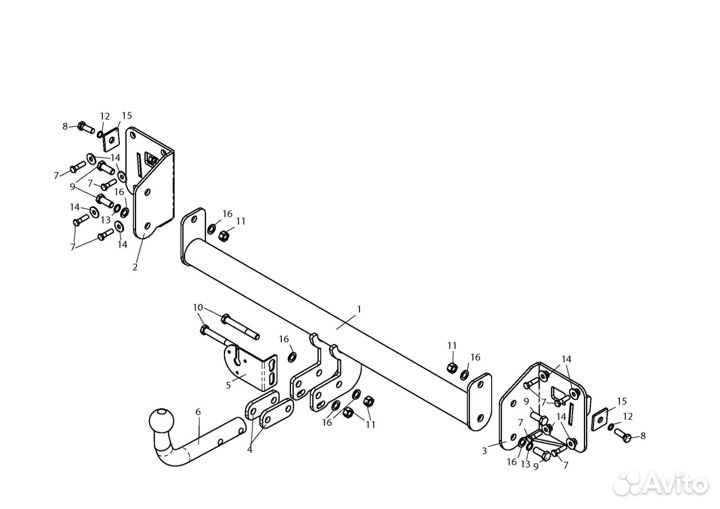 Фаркоп на Skoda Octavia А7, с 2013 г. в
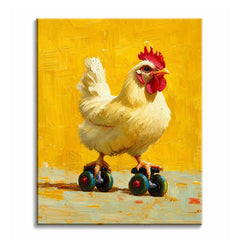 A white hen standing on roller skates against a yellow background, painted in thick oil brushstrokes, shown as a paint by numbers canvas.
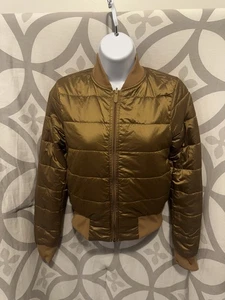 Lululemon Bomber Jacket Womens 2 Non Stop Gold Bronze Reversible Puffer - Picture 1 of 10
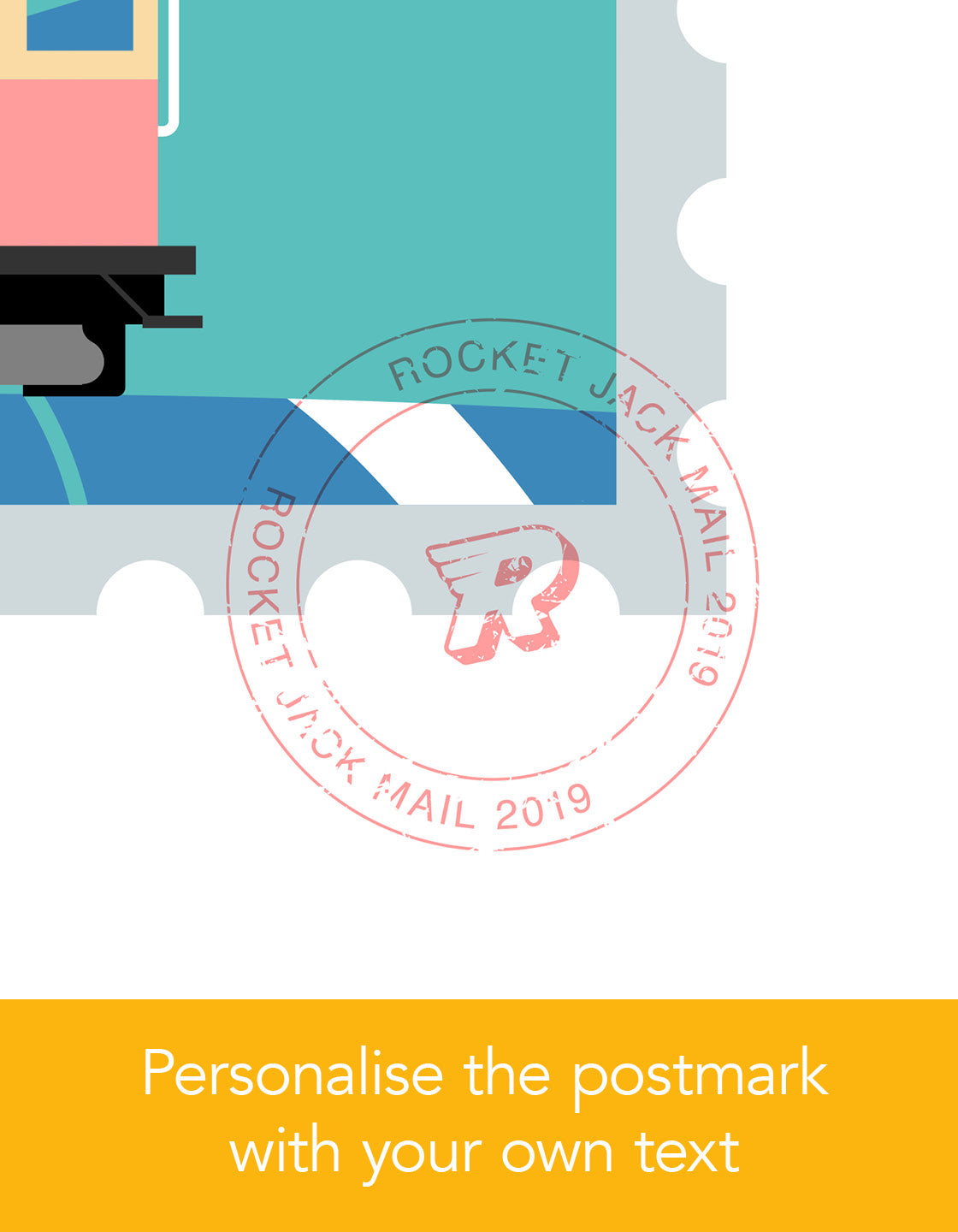 close up of stamp edge with Personalised stamp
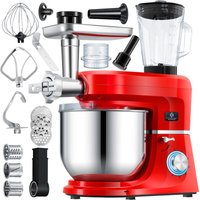 KESSER® 3 in 1 Universal Küchenmaschine K-KM 3000 mit Fleischwolf Knetmaschine Multifuntionale Rührmaschine 5.5L Schüssel mit 3 Rührwerkzeuge Rot von KESSER
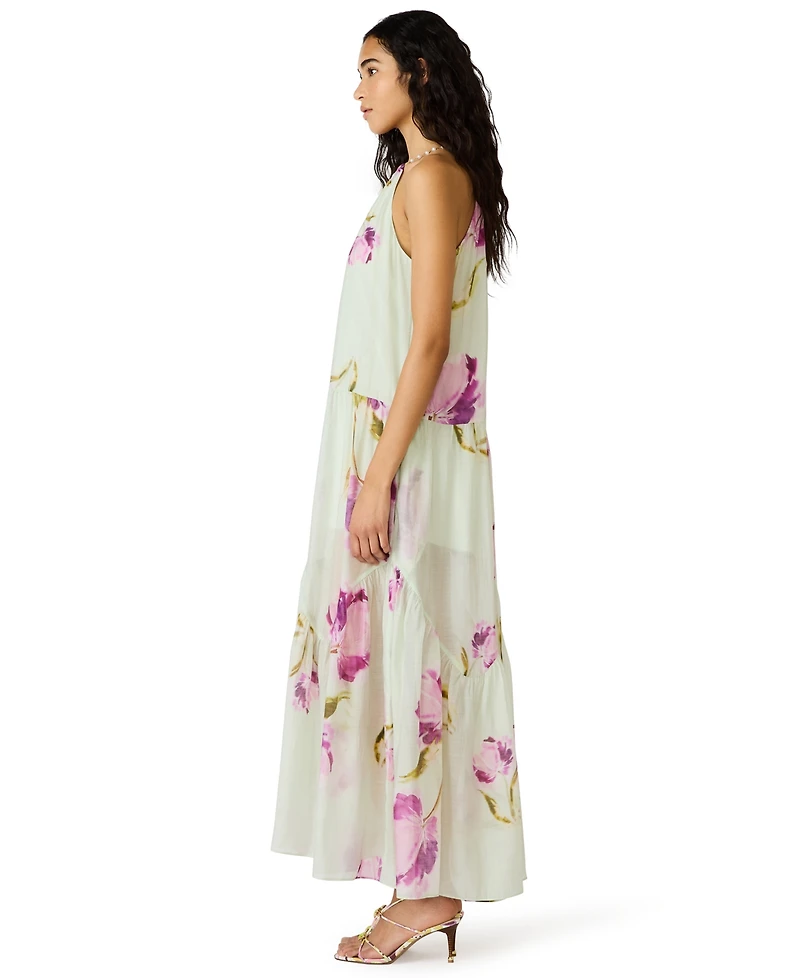 Steve Madden Juniors' Jamie Floral-Print Halter Tiered Dress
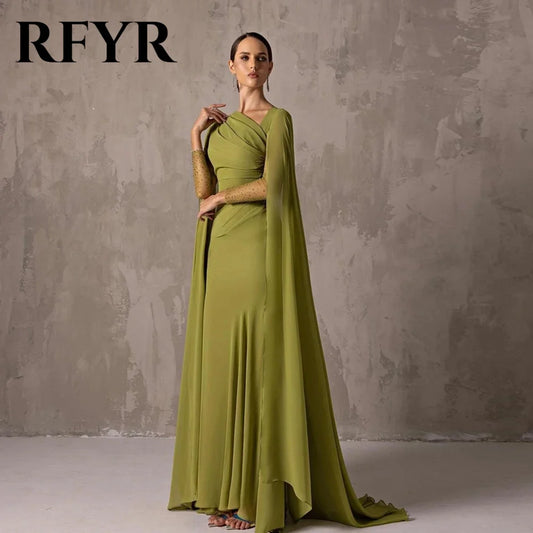 RFYR One Shoulder Chiffion Green Prom Dress Elegant Mermaid Evening Dress with Long Cape Arab Dress Vestidos De Noche Customized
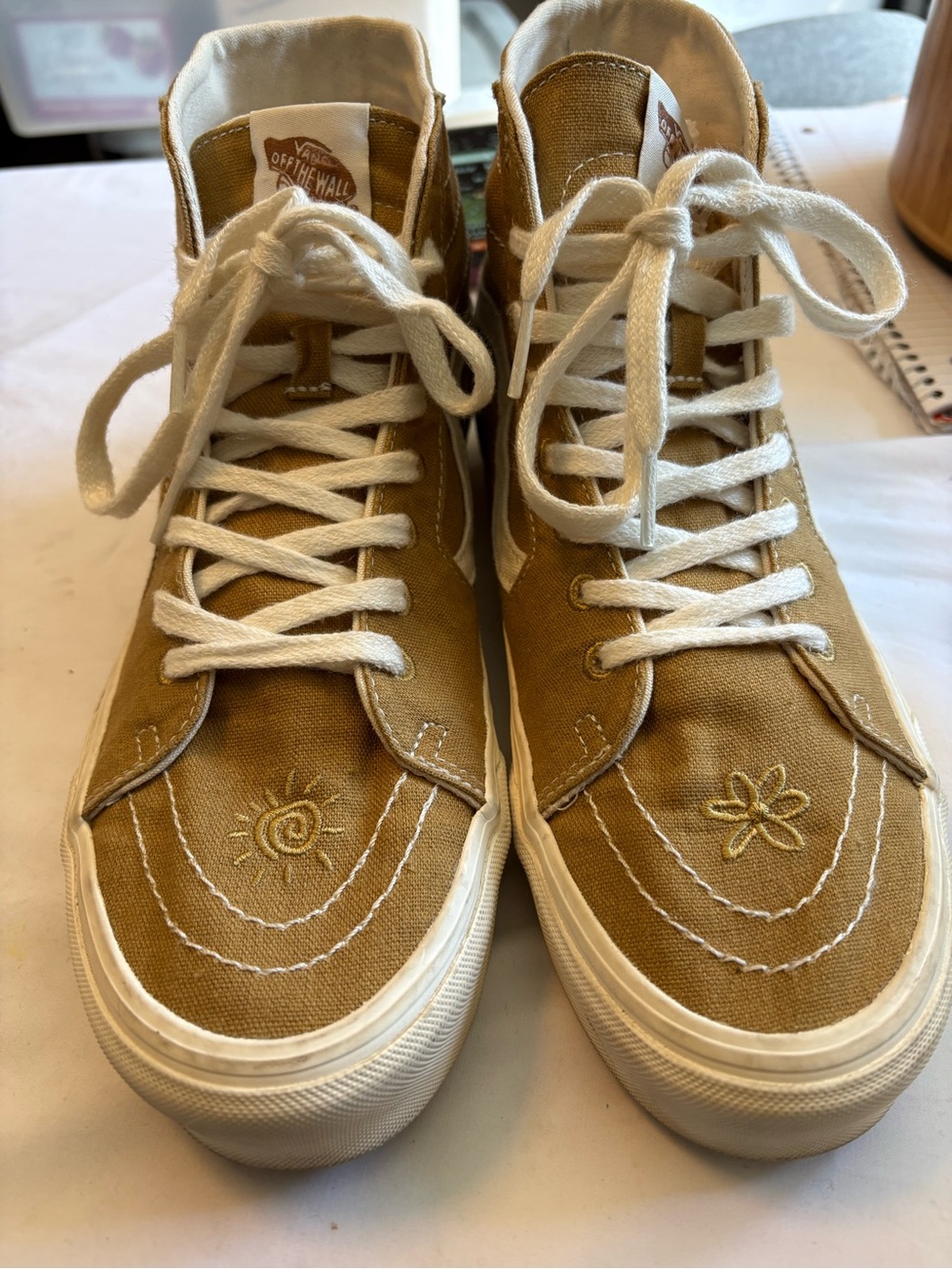 Vans Eco Theory SK8-HI Tapered Sneakers Mustard Gold Men’s Skate Shoes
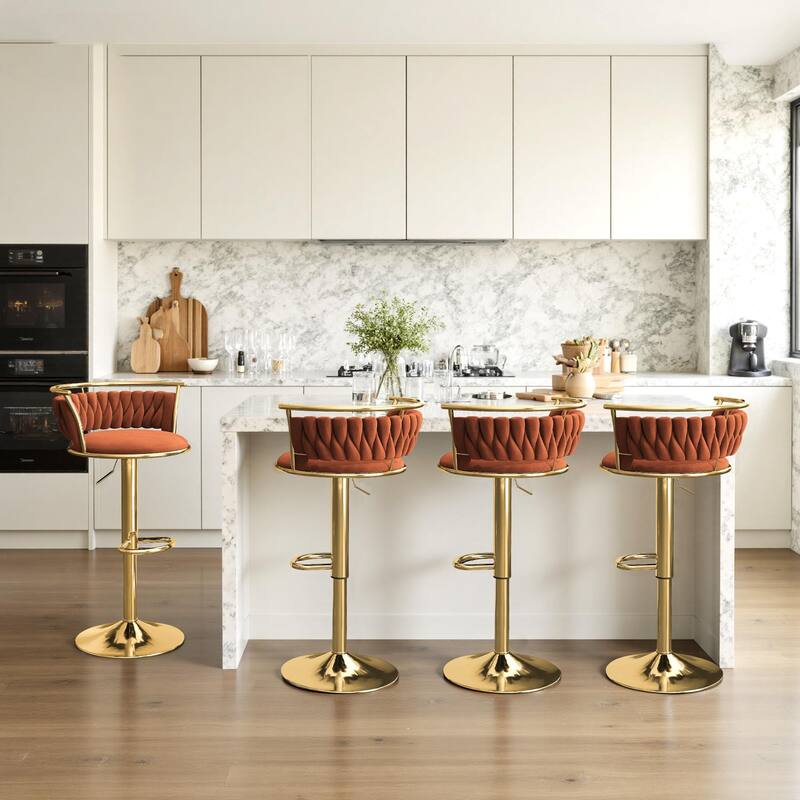 Velvet Upholstered Adjustable Bar Stool Swivel Counter Chair Set of 2 - Orange/Gold - Set of 4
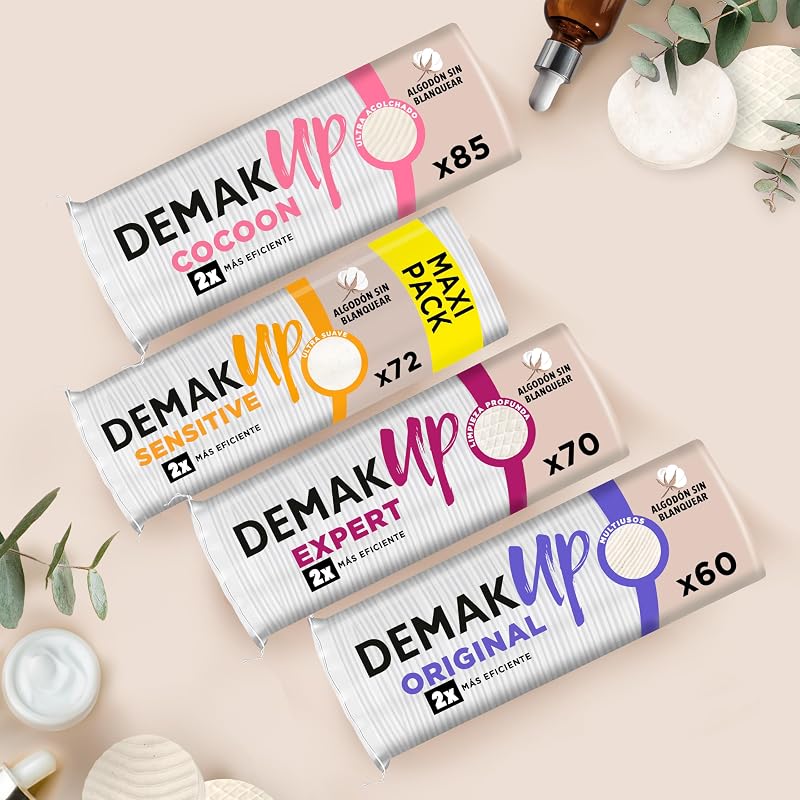 Expert Round Make-up-Entferner-Pads, 6 x 70 Stück, ungebleicht, Wabenstruktur, Beutel mit 420 Stück
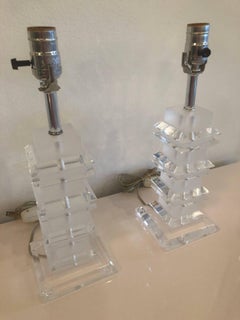 Vintage Pair of Clear and Frosted Lucite Pagoda Table Lamps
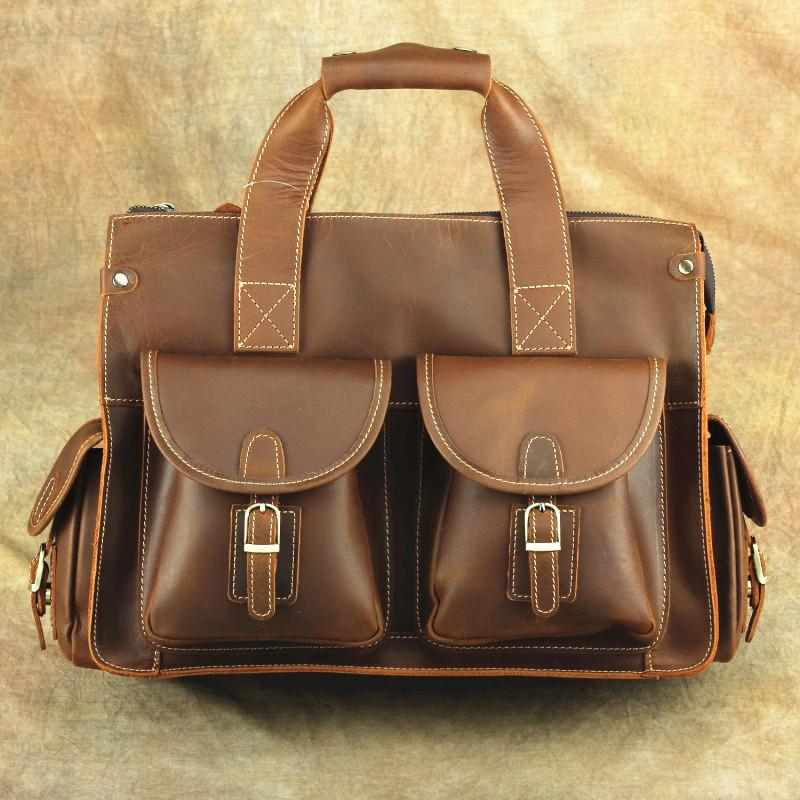 Brown Leather Mens 14 inches Business Laptop Work Bag Handbag Briefcase Shoulder Bags Messenger Bags For Men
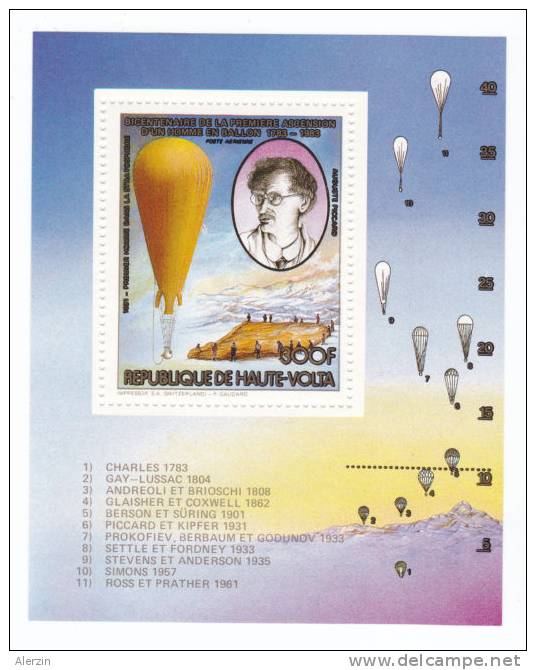 Balloons Upper Volta 1983 Bl 59 MNH ** Auguste Piccard - Airships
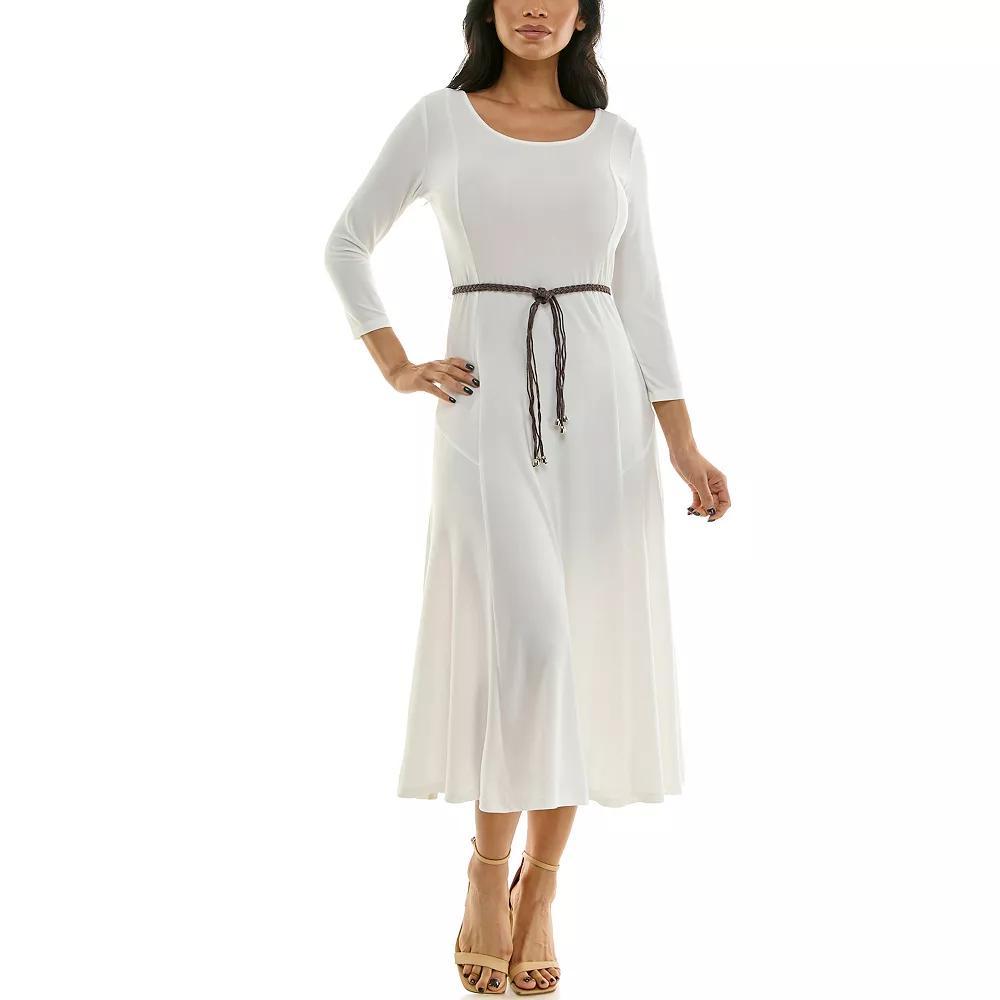 Women's Nina Leonard Sylvia Three-Quarter Sleeve Belted Midi Dress, Size: XL, Ivory Product Image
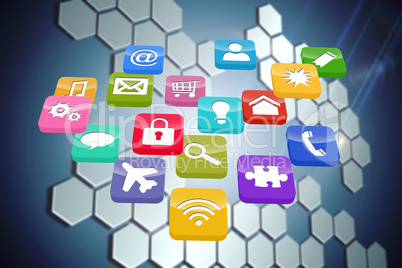 Composite image of colourful computer applications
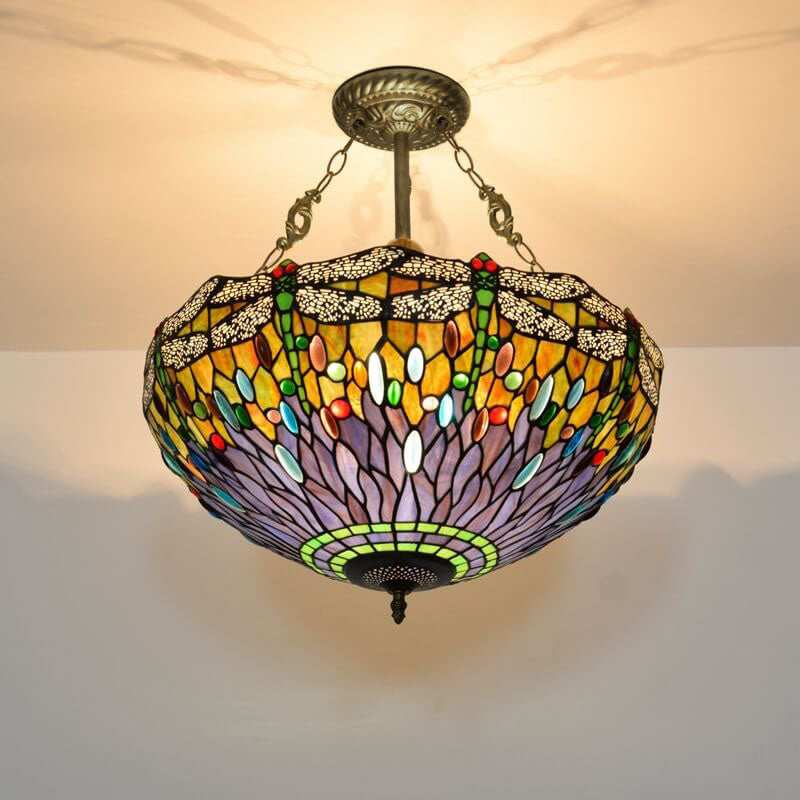 Traditional Vintage Tiffany Dragonfly Stained Glass 3-Light Chandelier For Living Room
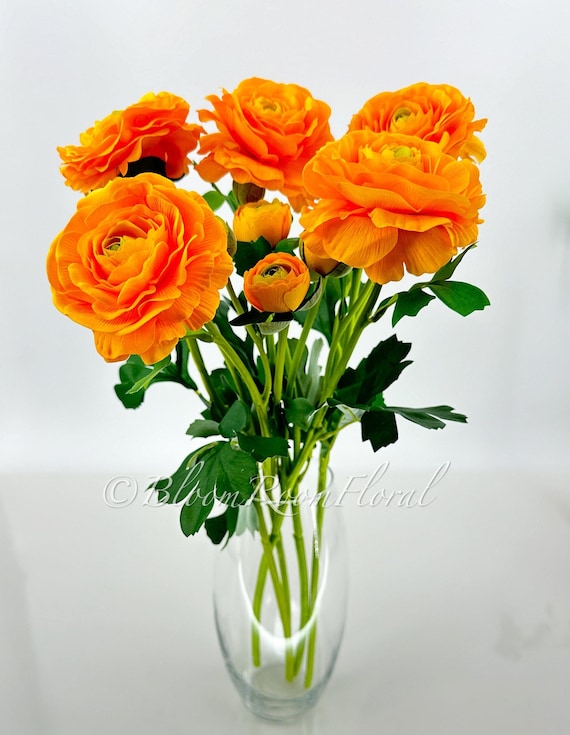 Orange Real Touch Ranunculus Stem - High-Quality Artificial Flower, DIY Floral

■ ■ ■

WHAT TO WORK ON |
This exercise asks for an exact copy of the lines from the first one in the data through the line that contains "close up of", pictures excluded.

ANSWER BELOW |
 Фаркоп на Skoda Octavia А7, с 2013 г. в
 A white hen standing on roller skates against a yellow background, painted in thick oil brushstrokes, shown as a paint by numbers canvas.
 Lululemon Bomber Jacket Womens 2 Non Stop Gold Bronze Reversible Puffer - Picture 1 of 10
 close up of stamp edge with Personalised stamp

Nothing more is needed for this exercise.